Task details:
Using the data below, return the stretch from the line that contains "BEST 45H Series" through the line that contains "Moxedo Tactical Sports", both included, exactly as it stands and nothing beyond it.

Source information:

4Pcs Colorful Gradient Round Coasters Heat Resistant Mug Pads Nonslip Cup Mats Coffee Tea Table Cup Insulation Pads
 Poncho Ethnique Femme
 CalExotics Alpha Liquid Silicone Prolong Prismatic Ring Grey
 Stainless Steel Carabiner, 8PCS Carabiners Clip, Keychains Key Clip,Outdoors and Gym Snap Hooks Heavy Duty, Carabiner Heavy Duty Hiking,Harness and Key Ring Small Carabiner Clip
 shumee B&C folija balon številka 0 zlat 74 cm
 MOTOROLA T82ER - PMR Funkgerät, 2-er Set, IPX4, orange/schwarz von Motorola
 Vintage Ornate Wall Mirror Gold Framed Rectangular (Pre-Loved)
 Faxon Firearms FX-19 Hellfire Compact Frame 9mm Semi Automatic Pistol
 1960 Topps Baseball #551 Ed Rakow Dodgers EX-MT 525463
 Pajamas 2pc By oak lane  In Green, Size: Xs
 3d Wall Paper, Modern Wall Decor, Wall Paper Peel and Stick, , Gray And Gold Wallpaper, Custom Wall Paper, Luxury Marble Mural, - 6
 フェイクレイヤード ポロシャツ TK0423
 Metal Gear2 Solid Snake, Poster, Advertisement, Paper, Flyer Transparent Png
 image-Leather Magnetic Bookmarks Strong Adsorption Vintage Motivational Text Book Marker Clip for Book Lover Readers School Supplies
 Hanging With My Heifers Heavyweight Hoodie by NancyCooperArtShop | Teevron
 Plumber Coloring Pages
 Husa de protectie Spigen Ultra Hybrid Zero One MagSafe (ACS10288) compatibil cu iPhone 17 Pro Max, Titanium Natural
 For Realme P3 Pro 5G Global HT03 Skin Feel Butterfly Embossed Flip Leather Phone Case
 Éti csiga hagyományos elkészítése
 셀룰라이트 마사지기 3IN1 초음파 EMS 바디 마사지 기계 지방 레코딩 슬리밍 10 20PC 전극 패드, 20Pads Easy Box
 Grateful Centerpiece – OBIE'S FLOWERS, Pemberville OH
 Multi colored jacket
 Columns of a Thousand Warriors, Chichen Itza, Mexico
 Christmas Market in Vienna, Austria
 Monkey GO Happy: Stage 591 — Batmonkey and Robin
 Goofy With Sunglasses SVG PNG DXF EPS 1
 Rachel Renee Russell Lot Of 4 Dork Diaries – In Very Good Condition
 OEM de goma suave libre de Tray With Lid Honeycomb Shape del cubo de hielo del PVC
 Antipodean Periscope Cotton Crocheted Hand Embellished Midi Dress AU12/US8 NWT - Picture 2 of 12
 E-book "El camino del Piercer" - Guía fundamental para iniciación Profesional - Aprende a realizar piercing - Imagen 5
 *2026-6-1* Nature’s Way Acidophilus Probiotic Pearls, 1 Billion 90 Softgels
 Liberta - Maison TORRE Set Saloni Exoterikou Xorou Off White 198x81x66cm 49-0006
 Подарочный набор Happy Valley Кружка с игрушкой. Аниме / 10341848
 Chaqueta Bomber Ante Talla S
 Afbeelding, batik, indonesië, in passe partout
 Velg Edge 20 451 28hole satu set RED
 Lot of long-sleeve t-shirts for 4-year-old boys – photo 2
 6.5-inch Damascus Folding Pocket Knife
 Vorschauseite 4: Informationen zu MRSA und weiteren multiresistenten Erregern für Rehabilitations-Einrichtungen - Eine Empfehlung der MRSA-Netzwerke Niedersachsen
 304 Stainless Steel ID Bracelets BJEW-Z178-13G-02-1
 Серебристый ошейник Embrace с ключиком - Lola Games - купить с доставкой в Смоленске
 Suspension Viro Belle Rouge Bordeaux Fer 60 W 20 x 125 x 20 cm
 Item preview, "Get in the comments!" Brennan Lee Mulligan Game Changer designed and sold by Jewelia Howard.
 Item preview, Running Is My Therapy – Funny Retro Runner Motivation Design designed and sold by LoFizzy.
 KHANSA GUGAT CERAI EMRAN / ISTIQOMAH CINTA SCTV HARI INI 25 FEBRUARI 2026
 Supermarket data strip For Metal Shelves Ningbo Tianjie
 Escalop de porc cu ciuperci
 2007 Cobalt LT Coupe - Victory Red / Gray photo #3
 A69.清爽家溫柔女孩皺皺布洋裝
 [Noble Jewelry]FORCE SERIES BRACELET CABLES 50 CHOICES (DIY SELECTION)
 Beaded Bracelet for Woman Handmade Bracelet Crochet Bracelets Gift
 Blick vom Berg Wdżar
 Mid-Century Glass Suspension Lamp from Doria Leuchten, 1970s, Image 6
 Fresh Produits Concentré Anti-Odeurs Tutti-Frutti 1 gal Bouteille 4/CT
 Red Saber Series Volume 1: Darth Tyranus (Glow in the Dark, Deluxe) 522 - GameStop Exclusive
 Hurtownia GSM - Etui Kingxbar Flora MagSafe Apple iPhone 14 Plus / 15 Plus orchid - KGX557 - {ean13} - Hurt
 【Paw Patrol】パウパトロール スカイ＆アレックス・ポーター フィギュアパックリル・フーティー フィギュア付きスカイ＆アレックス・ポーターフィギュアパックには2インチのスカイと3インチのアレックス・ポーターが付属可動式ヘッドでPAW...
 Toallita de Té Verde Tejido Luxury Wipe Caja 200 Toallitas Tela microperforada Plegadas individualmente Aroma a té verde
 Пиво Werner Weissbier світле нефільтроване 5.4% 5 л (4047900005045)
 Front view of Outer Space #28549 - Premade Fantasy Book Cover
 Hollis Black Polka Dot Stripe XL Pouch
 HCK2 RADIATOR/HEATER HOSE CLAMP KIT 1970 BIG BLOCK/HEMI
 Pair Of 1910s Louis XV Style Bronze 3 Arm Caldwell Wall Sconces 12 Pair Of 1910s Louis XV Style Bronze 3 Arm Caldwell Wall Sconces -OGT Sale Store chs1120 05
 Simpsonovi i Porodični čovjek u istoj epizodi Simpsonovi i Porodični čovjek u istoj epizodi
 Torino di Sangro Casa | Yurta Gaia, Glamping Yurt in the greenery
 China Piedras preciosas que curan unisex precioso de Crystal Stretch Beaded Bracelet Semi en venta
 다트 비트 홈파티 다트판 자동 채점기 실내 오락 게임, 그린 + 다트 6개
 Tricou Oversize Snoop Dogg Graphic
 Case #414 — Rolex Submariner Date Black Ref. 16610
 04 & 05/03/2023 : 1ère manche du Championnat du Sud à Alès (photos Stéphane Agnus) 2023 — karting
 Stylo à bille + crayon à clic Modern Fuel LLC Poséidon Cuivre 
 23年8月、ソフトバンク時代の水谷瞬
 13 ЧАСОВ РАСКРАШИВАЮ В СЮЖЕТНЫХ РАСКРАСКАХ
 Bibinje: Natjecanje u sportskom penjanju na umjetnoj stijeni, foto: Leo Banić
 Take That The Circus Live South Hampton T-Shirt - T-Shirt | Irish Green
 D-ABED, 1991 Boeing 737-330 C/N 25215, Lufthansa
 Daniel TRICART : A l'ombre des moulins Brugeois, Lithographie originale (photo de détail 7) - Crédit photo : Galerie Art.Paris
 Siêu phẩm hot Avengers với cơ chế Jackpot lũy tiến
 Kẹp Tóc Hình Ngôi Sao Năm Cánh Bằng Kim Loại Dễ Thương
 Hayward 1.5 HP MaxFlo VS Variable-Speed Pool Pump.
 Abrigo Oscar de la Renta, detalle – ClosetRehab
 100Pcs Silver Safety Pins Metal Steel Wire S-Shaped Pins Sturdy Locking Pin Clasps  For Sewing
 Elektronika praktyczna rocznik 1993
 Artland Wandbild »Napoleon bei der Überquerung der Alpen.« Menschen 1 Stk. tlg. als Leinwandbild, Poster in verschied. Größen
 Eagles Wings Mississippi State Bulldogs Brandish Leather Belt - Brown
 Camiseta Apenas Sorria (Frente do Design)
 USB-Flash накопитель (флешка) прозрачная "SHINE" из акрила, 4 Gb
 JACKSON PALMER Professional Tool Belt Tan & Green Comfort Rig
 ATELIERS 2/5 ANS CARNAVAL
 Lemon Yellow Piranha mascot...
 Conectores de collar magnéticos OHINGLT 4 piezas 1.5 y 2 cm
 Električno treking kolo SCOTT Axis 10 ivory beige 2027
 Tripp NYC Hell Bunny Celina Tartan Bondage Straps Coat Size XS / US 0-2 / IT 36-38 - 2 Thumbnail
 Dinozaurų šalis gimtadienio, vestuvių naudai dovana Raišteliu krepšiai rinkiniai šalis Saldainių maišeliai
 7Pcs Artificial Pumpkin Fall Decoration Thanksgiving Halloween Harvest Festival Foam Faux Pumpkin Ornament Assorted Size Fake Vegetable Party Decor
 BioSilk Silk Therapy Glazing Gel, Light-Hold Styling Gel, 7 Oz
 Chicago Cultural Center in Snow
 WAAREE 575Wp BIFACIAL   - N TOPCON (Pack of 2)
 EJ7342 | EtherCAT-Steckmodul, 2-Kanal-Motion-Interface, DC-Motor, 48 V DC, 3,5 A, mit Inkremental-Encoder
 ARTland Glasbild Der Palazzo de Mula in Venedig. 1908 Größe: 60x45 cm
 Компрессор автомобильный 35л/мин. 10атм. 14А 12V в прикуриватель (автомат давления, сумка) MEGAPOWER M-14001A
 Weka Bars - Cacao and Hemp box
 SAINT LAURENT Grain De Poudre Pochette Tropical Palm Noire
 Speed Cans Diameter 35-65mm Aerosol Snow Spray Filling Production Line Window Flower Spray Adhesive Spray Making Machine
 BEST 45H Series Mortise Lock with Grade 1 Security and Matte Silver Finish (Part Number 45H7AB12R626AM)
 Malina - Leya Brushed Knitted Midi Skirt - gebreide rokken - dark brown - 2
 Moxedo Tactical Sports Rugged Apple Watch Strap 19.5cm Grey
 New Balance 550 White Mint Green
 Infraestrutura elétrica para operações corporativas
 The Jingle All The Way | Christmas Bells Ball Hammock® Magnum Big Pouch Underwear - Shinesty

The completed task:
 BEST 45H Series Mortise Lock with Grade 1 Security and Matte Silver Finish (Part Number 45H7AB12R626AM)
 Malina - Leya Brushed Knitted Midi Skirt - gebreide rokken - dark brown - 2
 Moxedo Tactical Sports Rugged Apple Watch Strap 19.5cm Grey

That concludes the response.